Since nobody wants to accompany me because it is after work, I bravely threaded the stretch of Ortigas Extension Alone. It was a meditating walk I must say. I got to reflect on what my life has been for the past years. I pray for enlightenment as I am about to make the biggest decision in my life. I look back, then I look forward. I don't see anything clear then, but a growing hope is slowly exciting me with something. I have to believe a major blessing is coming my way.
It was not a walk in the park and it was indeed tiring knowing it's a long way to go but all of it were negligible as I took the time observing the group of people around me. I wonder what their real intentions are in participating in activities like this.
I was alone but I never felt scared because I believe I'm guided.
Half down the road, a stranger approached me. I thank God for times like these because He always send me angels. We talked and walked and waited for their friends. Turns out they are a group of friends who used to do these every year. Now I've got new friends and they led me to the stations of the cross.
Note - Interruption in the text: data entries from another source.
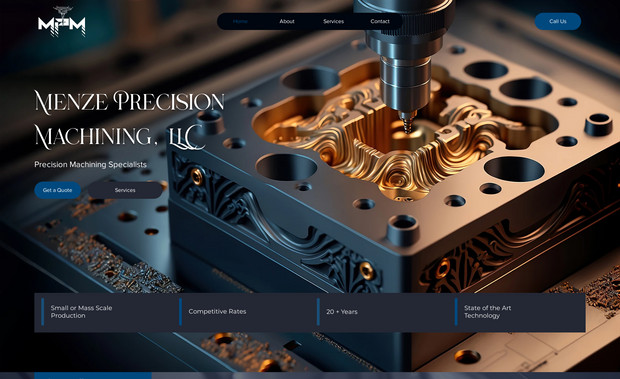 Menze Precision 2: I created this 3 page website for a machining company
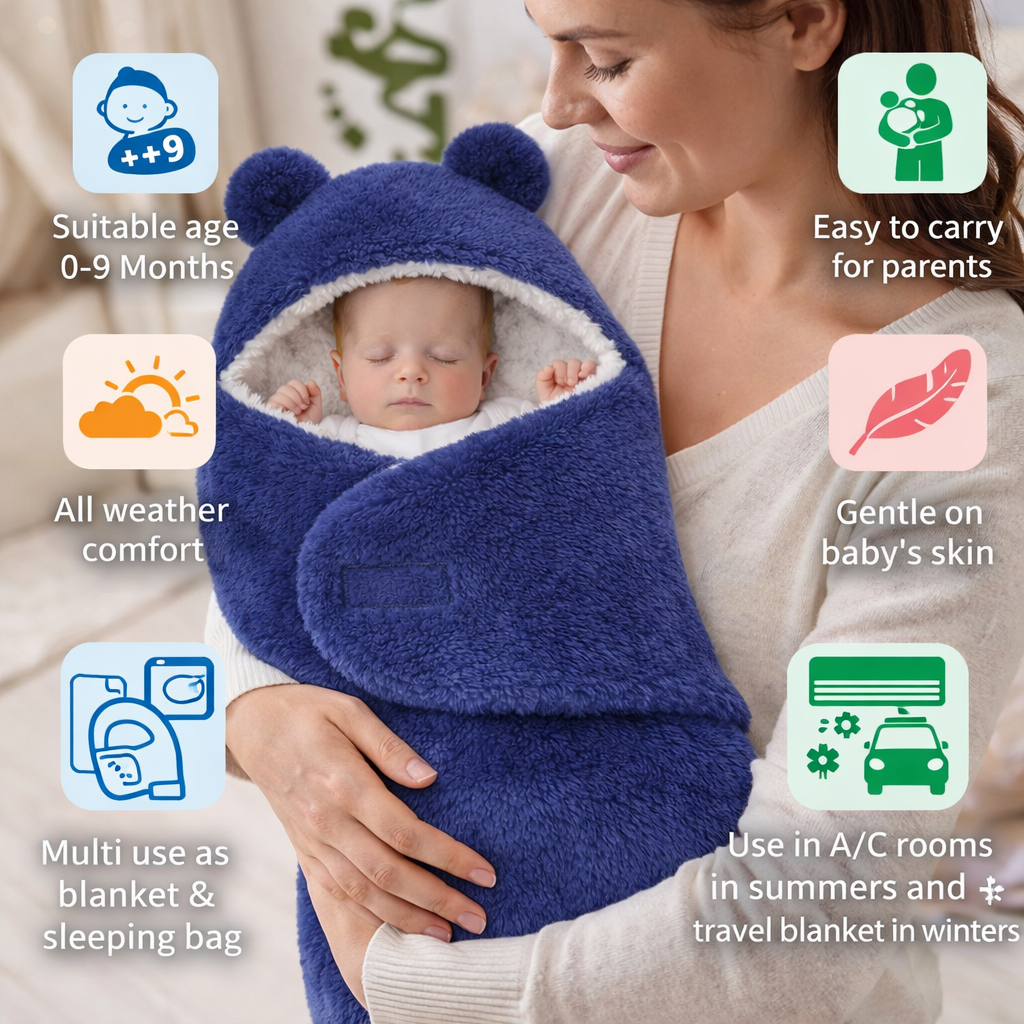 BRANDONN Hooded Baby Blanket & Bath Towel for Newborns (0–9 Months)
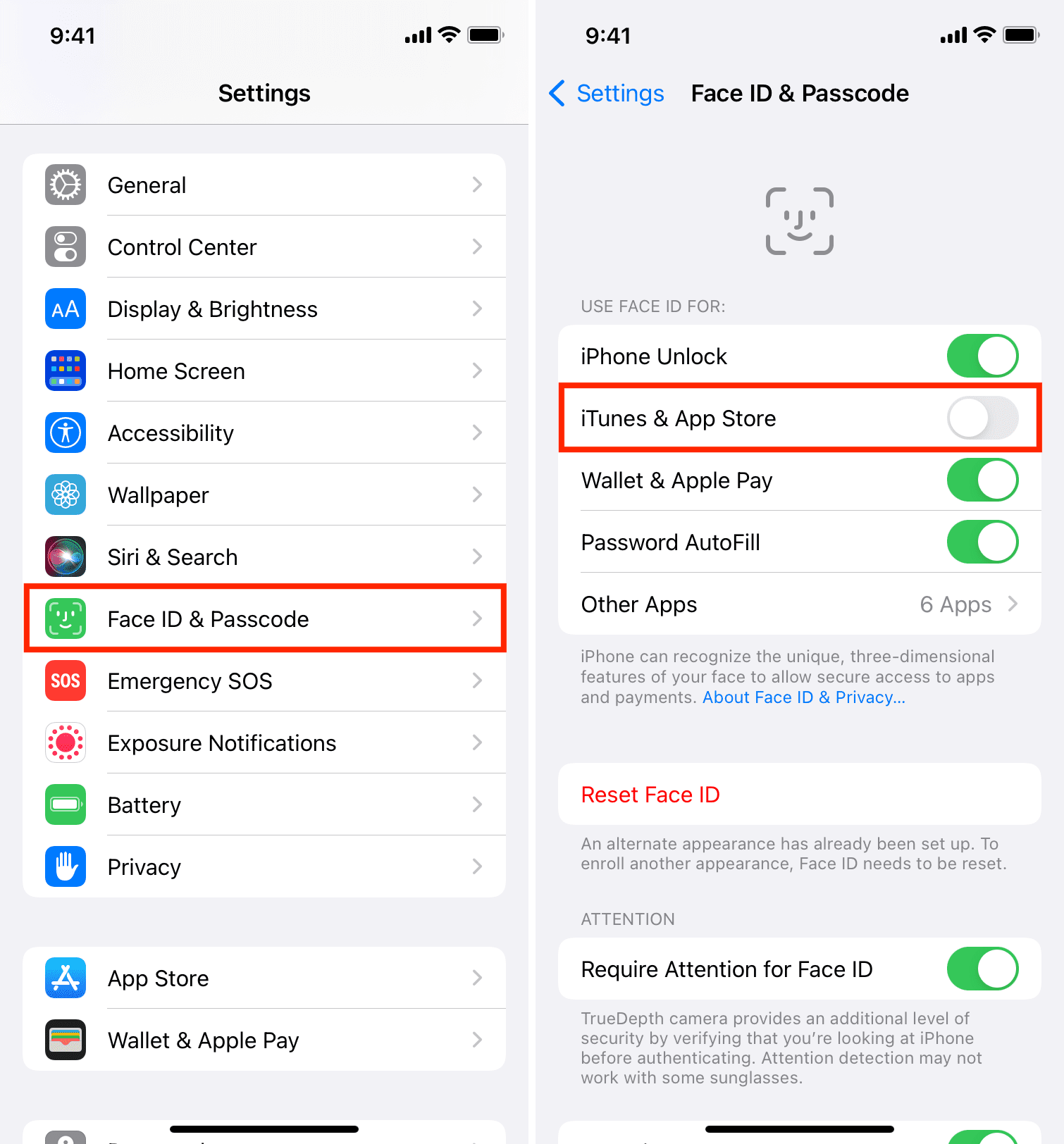 Turn off Face ID for App Store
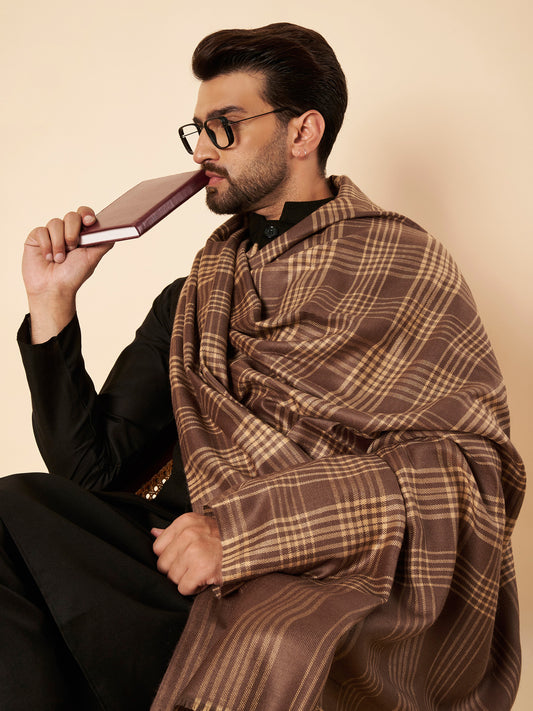 Men's Woollen Lohi Shawl | Brown Stripe Check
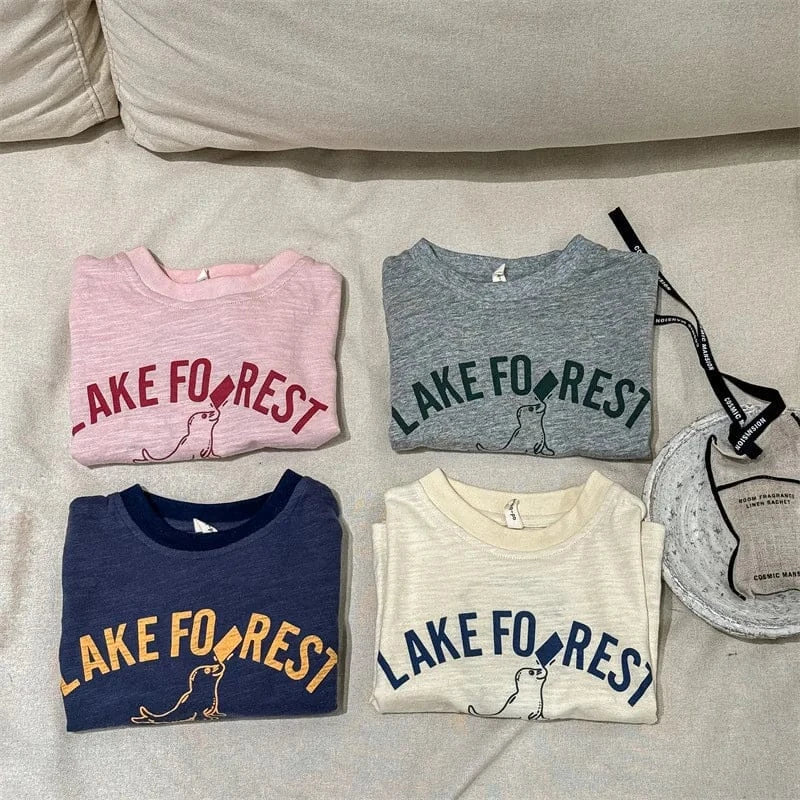 半袖Tシャツ キッズトップス 半袖Tシャツ アシカプリントロゴ 杢4カラー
Jesus is tried and condemned by the Sanhedrin, mocked and beaten and is condemned for making the claim of being the Son of God
I will never forget how I've felt those goosebumps on my skin while I listen to the recorded voices of the characters who played on this scene. The mocking, the shouting and the cruelness of people to Christ were heart wrenching. But Jesus just let them be. I felt ashamed of myself. There was a point in my life when I was so concerned on my name being dragged into someone else's insecurities. My name was tagged with malicious and false accusations and it hurt me and made me angry. I followed my feelings instead of letting my feelings follow what I am supposed to do. I realized Christ's sufferings are far unimaginable than what I have been through. So on that station I lifted up to Christ my name completely. It made me cry and His warm embrace felt really good.
The stations of the cross reminds me of my own journey. Though I have surrendered all my pains before year 2012 began, sometimes my faith still get tested. But unlike Jesus, I sometimes still question how people can be so cruel and how they deserve such pitiful life with the choices they make. I'm still carrying new crosses every now and then. But this time I believe Jesus is carrying it for me. I used to think of many things on resolving my problems and all it took was that Walk towards HIM.
What will it take you to follow HIM?